(Crawled caption data)
======
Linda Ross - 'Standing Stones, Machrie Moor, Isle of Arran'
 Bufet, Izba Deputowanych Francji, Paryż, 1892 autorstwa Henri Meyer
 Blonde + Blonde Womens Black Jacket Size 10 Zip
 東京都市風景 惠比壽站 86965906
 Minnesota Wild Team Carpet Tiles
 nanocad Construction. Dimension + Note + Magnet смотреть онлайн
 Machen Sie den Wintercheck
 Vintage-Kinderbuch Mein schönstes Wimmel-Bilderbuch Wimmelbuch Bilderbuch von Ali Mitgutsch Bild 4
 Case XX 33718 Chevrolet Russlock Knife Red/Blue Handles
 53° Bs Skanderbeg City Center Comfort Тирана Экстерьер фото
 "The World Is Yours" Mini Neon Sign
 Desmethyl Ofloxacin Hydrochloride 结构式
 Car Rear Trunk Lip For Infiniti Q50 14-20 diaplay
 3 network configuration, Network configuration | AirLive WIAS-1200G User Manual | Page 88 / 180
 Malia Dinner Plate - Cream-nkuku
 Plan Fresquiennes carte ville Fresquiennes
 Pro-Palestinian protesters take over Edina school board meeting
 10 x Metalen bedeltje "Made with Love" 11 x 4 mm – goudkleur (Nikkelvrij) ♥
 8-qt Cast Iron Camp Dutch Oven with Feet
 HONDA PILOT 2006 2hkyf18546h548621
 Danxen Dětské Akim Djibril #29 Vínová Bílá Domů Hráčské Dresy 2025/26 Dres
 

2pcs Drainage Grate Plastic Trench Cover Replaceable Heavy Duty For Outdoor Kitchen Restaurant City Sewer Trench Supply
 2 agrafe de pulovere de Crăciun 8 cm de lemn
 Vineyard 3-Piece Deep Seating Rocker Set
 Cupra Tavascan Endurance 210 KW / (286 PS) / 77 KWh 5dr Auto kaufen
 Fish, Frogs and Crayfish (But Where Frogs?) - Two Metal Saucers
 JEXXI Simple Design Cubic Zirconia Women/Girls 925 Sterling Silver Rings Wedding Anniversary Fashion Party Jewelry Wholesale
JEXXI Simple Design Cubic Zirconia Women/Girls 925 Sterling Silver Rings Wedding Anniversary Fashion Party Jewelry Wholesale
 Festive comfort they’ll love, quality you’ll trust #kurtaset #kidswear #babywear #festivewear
======
WHAT THE TASK ASKS
Each line that holds the word "Wedding" should be extracted from the records.

YOUR RESPONSE
 JEXXI Simple Design Cubic Zirconia Women/Girls 925 Sterling Silver Rings Wedding Anniversary Fashion Party Jewelry Wholesale
JEXXI Simple Design Cubic Zirconia Women/Girls 925 Sterling Silver Rings Wedding Anniversary Fashion Party Jewelry Wholesale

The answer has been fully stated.